[INPUT FOR THIS TASK]:

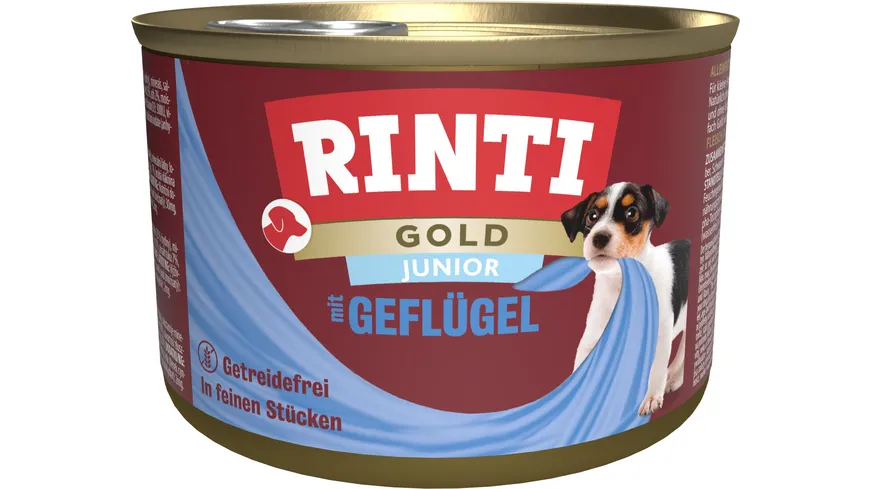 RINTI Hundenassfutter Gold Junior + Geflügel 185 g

* * *

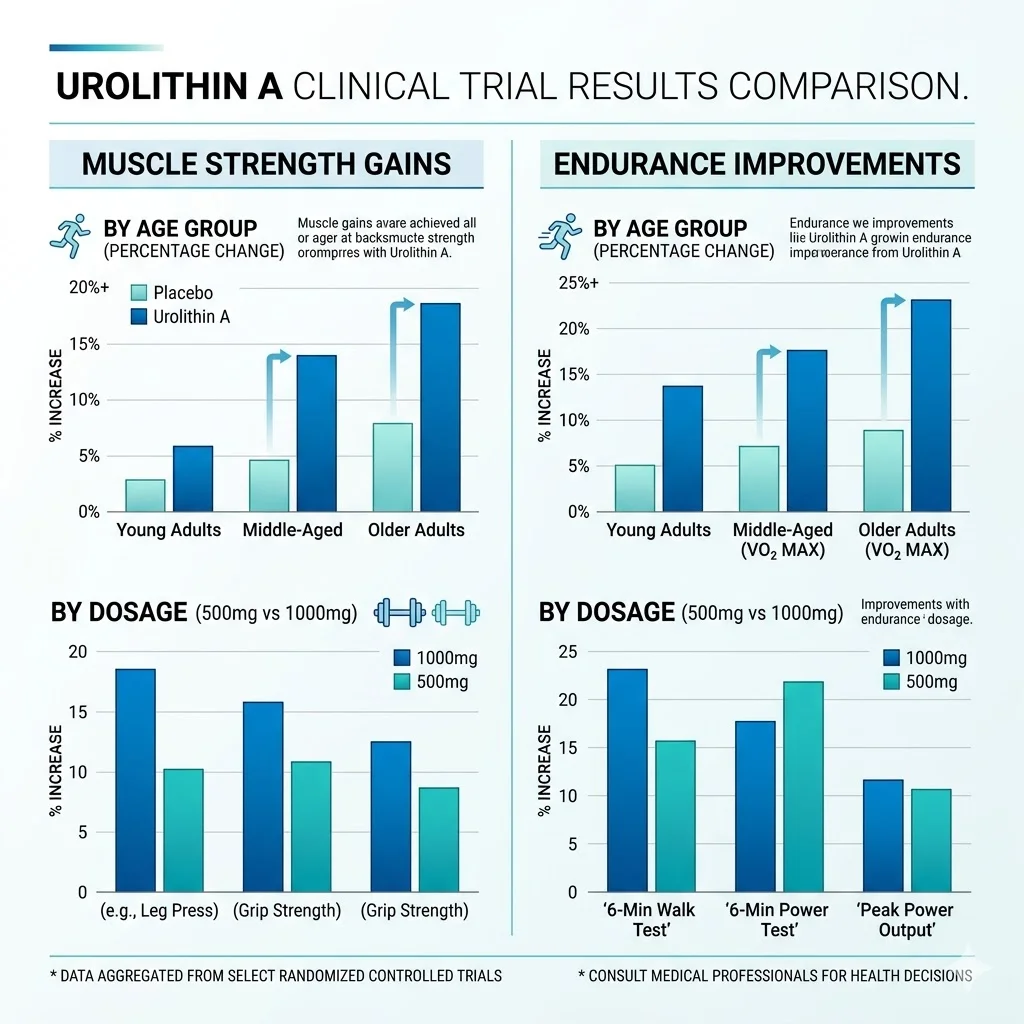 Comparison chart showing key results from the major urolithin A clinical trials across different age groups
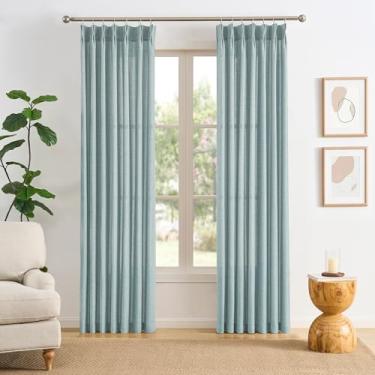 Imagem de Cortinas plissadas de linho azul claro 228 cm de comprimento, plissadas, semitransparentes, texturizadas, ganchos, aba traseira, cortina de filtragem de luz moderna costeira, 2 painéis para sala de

[THE PROBLEM]: Retype, exactly and with no pictures, everything above from the line with "Comparison chart showing" down to the line with "Imagem de Cortinas", both included.

[RESPONSE BOX]:
 Comparison chart showing key results from the major urolithin A clinical trials across different age groups
 Imagem de Cortinas plissadas de linho azul claro 228 cm de comprimento, plissadas, semitransparentes, texturizadas, ganchos, aba traseira, cortina de filtragem de luz moderna costeira, 2 painéis para sala de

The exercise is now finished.